THE DATA: Begin
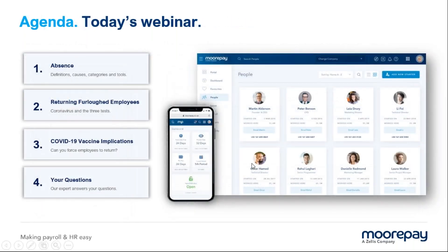The agenda for today: before Carl takes us through absence management and returning furloughed employees, I just want to give a very brief overview of MorePay. I'm conscious that whilst we've got lots of MorePay customers on the webinar, we've also got a few people who don't know who we are. I'll then pass you over to our wonderful presenter Carl, who'll take you through the body of the webinar, followed by a Q&A at the end.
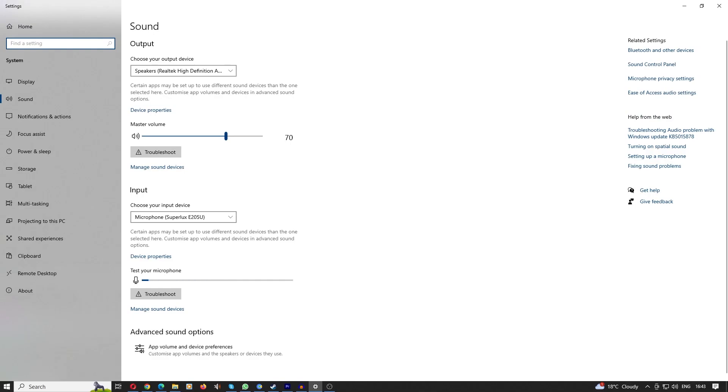Now go to your Windows settings and do a search for sound settings and that should bring up the following screen. Then you can go to your input device, make sure you're selected on the right microphone, and select device properties.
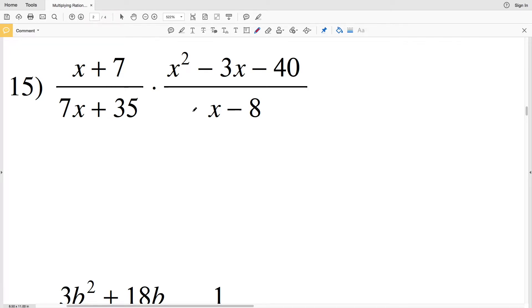In this video, we're continuing on with the Multiplying Rational Expressions Worksheet on the CUDA software website under the Infinite Algebra 1 section. I'll leave a link in the description below so you know how to access this free worksheet.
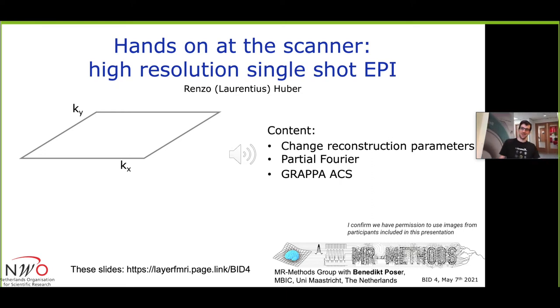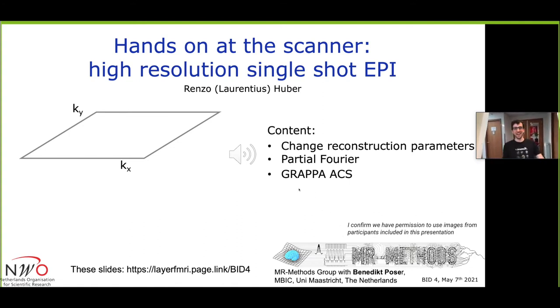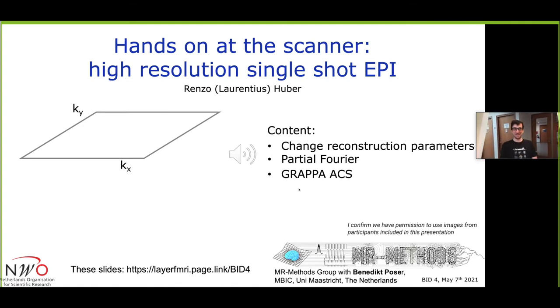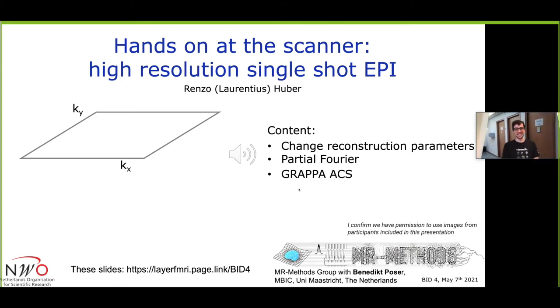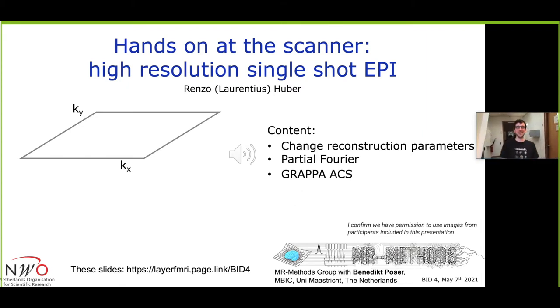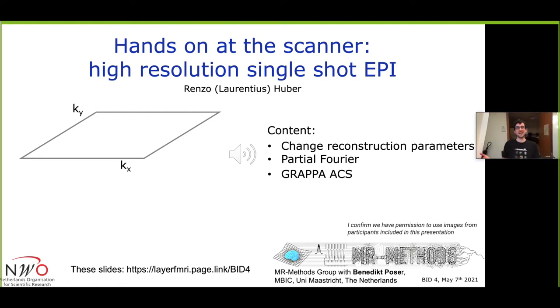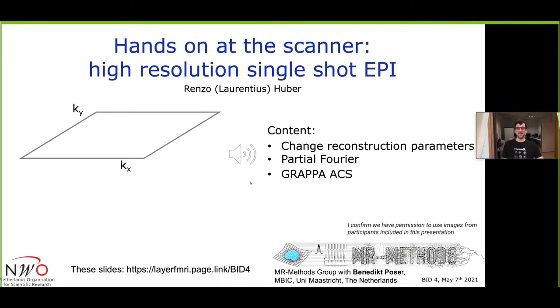So now we are going to the scanner and this is our lovely setup in Maastricht at Scannexus. I would like to show you the things that I'm usually doing when I do layer dependent fMRI as opposed to those things that I'm doing when I'm not doing layer dependent fMRI.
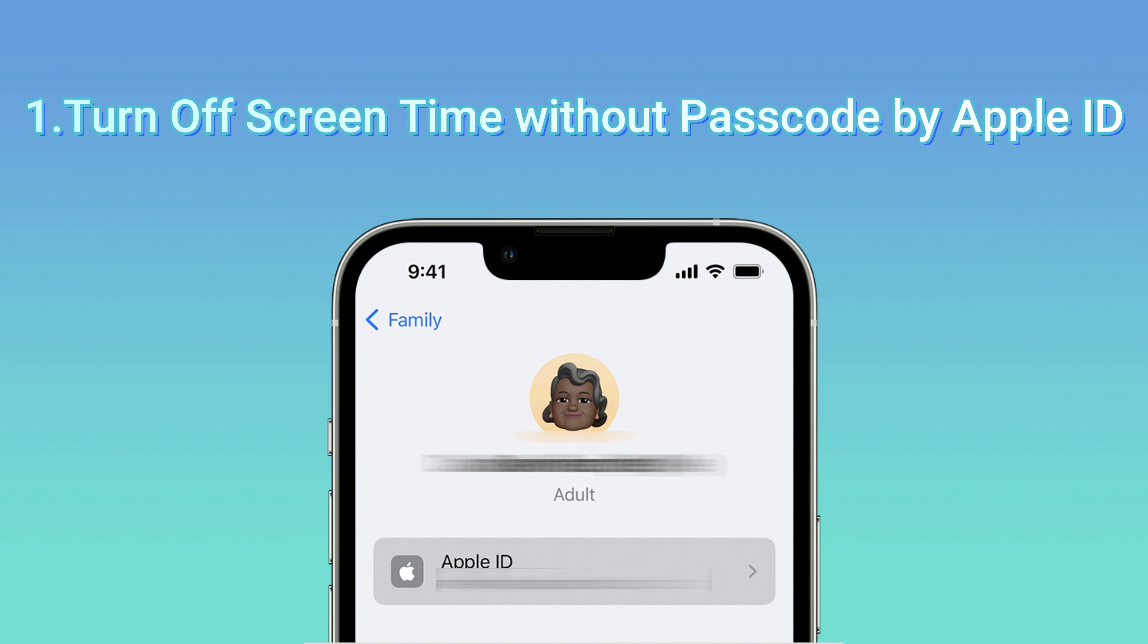Choose Change Screen Time Passcode and click it again. Now you can see the option Forgot Passcode—tap it and enter your Apple ID and password. Then you can change your Screen Time password successfully. But please remember it this time.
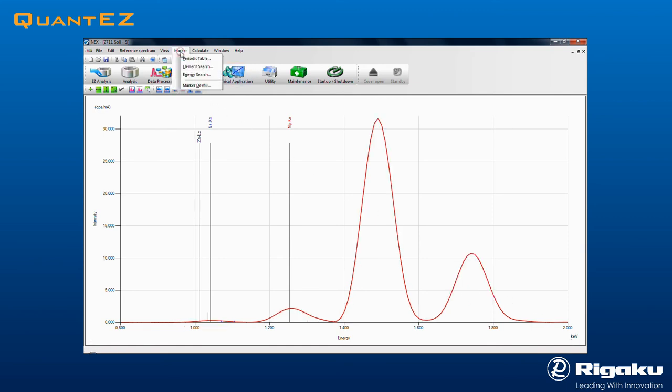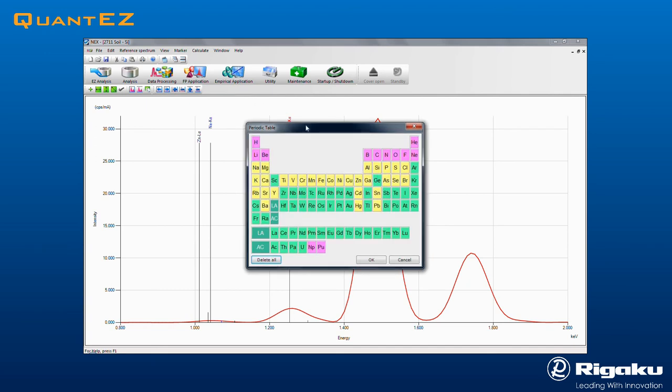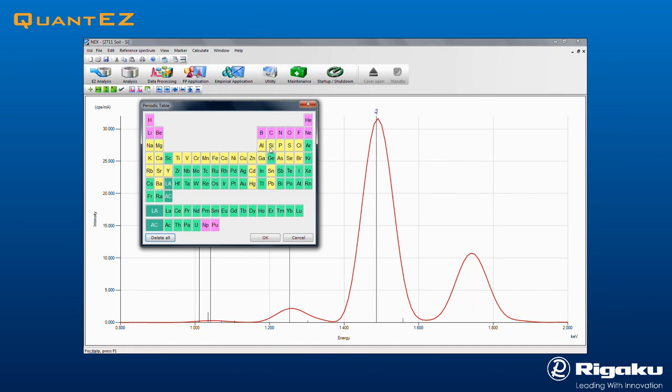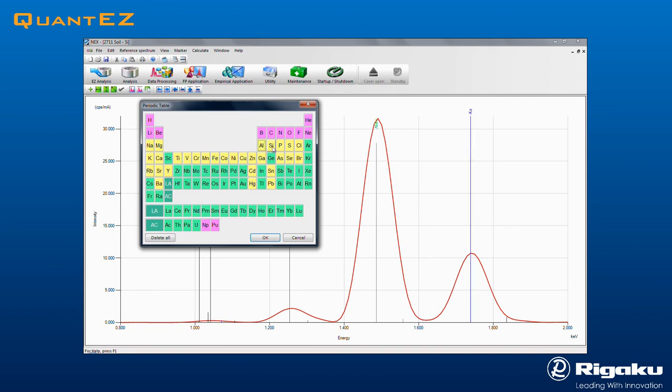Click Marker from the top menu and select Periodic Table from the drop-down menu to bring up the KLM Marker dialog box. Hovering over an element temporarily displays that element's line markers. Clicking on an element toggles the marker on or off.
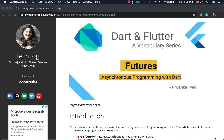Welcome to the Dart and Flutter vocabulary series. Today we'll be talking about asynchronous programming with Dart. One key word you might have heard whenever you talk about asynchronous programming in the Dart world is 'futures'.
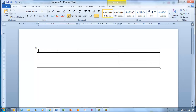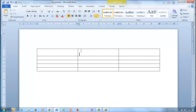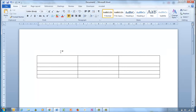If the cursor is not in the first cell, pressing Enter simply moves the table down. But with the cursor in the first cell, press Enter — it moves the table down and makes room for your heading or title.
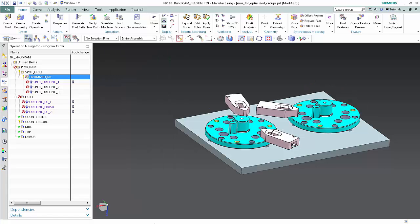Now we'll optimize the drill program, add an operation that drills the part from the bottom side, and observe how the non-cutting moves specified in the optimization group are applied to the entire toolpath.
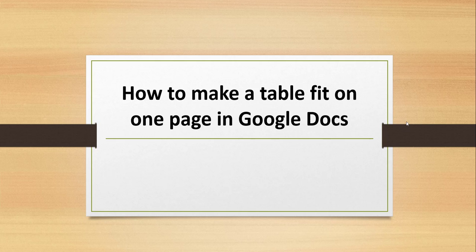Hello friends. Welcome to the channel. Today in this video, I will show you how to make a table fit on one page in Google Docs. So if you have any requirement to create a table so that it will fit to the complete page in Google Docs, how we are going to do that functionality, we are going to see it in this video.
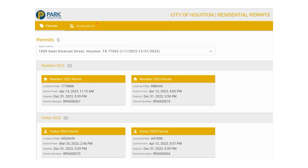In this example, we have a customer who has purchased two visitor permits. Both permits currently have license plates assigned to the permit. To start, simply click on the permit you're wishing to update the license plate for. In this example, we will use permit RPA 000073, which currently has license plate GGG HHH assigned to it.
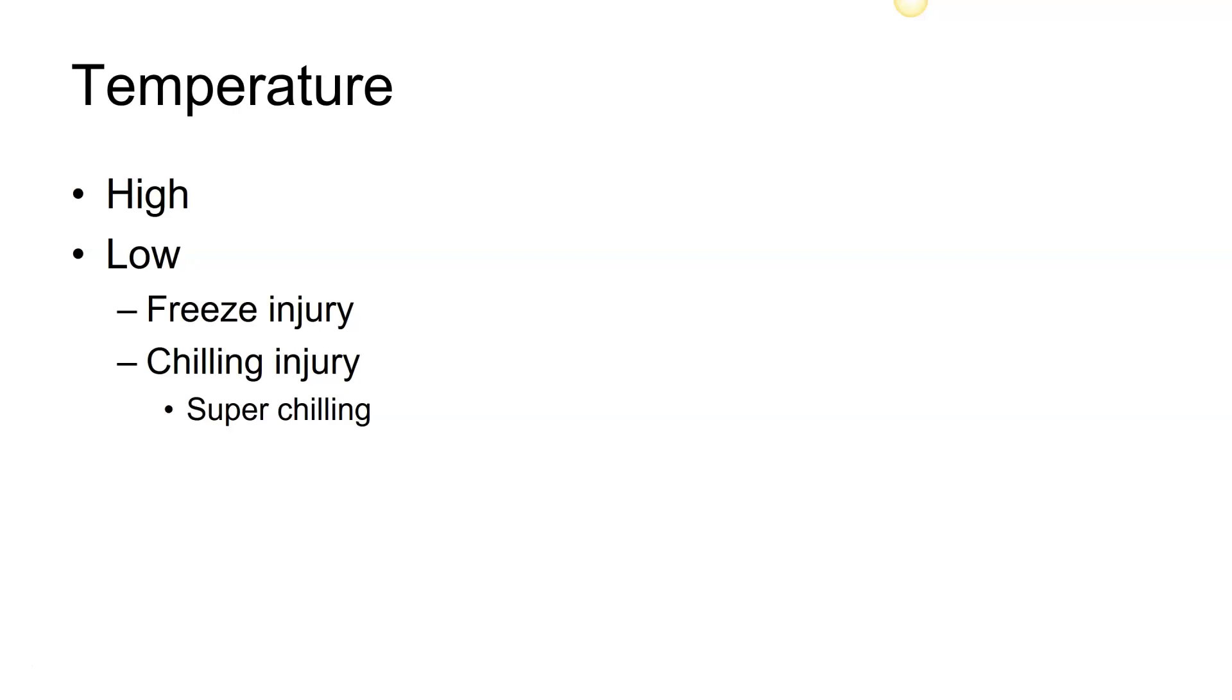Chilling injury is where you have the temperature dropping below a specific number which would allow damage to occur to the plant. When we're looking at chilling injury, we may be looking at anything below 45 degrees Fahrenheit or about 8 degrees Celsius if we are talking about a tropical type plant, or we may be looking at something at a lower temperature than that.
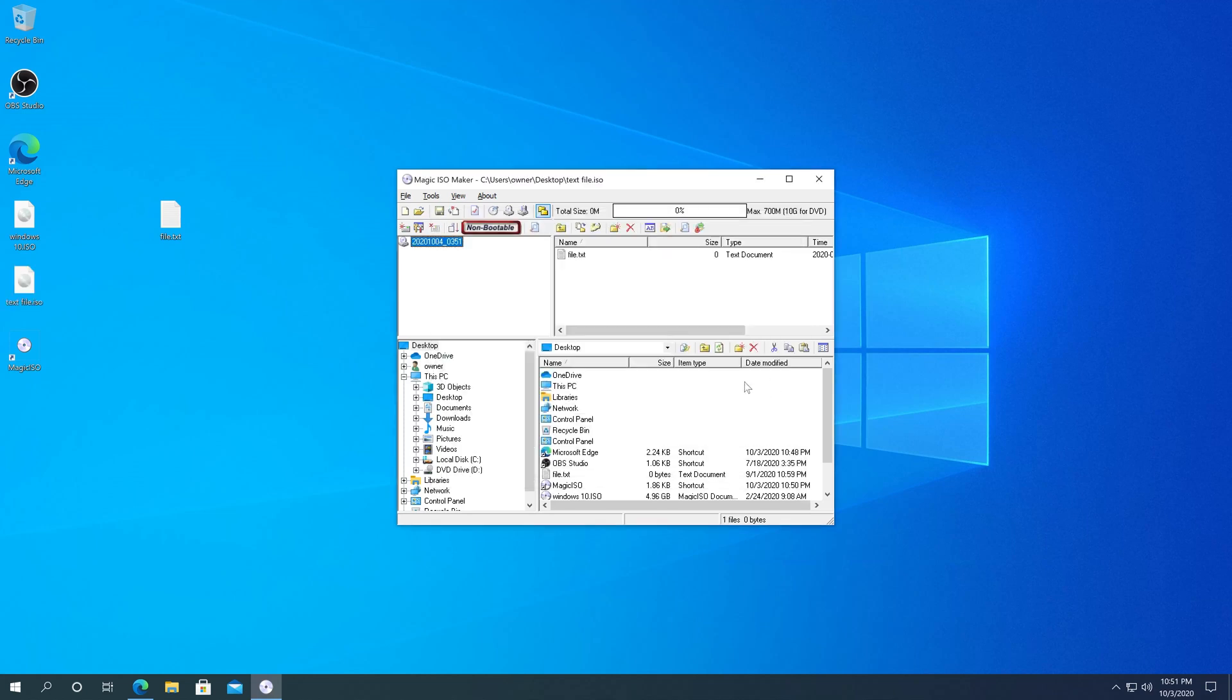And done. That's it. I created, right away, a text file ISO on my desktop.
THE DATA: End
WORK TO COMPLETE> Please return every record above exactly, but leave out the pictures.

TASK SOLUTION>
The agenda for today: before Carl takes us through absence management and returning furloughed employees, I just want to give a very brief overview of MorePay. I'm conscious that whilst we've got lots of MorePay customers on the webinar, we've also got a few people who don't know who we are. I'll then pass you over to our wonderful presenter Carl, who'll take you through the body of the webinar, followed by a Q&A at the end.
Now go to your Windows settings and do a search for sound settings and that should bring up the following screen. Then you can go to your input device, make sure you're selected on the right microphone, and select device properties.
In this video, we're continuing on with the Multiplying Rational Expressions Worksheet on the CUDA software website under the Infinite Algebra 1 section. I'll leave a link in the description below so you know how to access this free worksheet.
So now we are going to the scanner and this is our lovely setup in Maastricht at Scannexus. I would like to show you the things that I'm usually doing when I do layer dependent fMRI as opposed to those things that I'm doing when I'm not doing layer dependent fMRI.
Choose Change Screen Time Passcode and click it again. Now you can see the option Forgot Passcode—tap it and enter your Apple ID and password. Then you can change your Screen Time password successfully. But please remember it this time.
Click Marker from the top menu and select Periodic Table from the drop-down menu to bring up the KLM Marker dialog box. Hovering over an element temporarily displays that element's line markers. Clicking on an element toggles the marker on or off.
Welcome to the Dart and Flutter vocabulary series. Today we'll be talking about asynchronous programming with Dart. One key word you might have heard whenever you talk about asynchronous programming in the Dart world is 'futures'.
If the cursor is not in the first cell, pressing Enter simply moves the table down. But with the cursor in the first cell, press Enter — it moves the table down and makes room for your heading or title.
Now we'll optimize the drill program, add an operation that drills the part from the bottom side, and observe how the non-cutting moves specified in the optimization group are applied to the entire toolpath.
Hello friends. Welcome to the channel. Today in this video, I will show you how to make a table fit on one page in Google Docs. So if you have any requirement to create a table so that it will fit to the complete page in Google Docs, how we are going to do that functionality, we are going to see it in this video.
In this example, we have a customer who has purchased two visitor permits. Both permits currently have license plates assigned to the permit. To start, simply click on the permit you're wishing to update the license plate for. In this example, we will use permit RPA 000073, which currently has license plate GGG HHH assigned to it.
Chilling injury is where you have the temperature dropping below a specific number which would allow damage to occur to the plant. When we're looking at chilling injury, we may be looking at anything below 45 degrees Fahrenheit or about 8 degrees Celsius if we are talking about a tropical type plant, or we may be looking at something at a lower temperature than that.
And done. That's it. I created, right away, a text file ISO on my desktop.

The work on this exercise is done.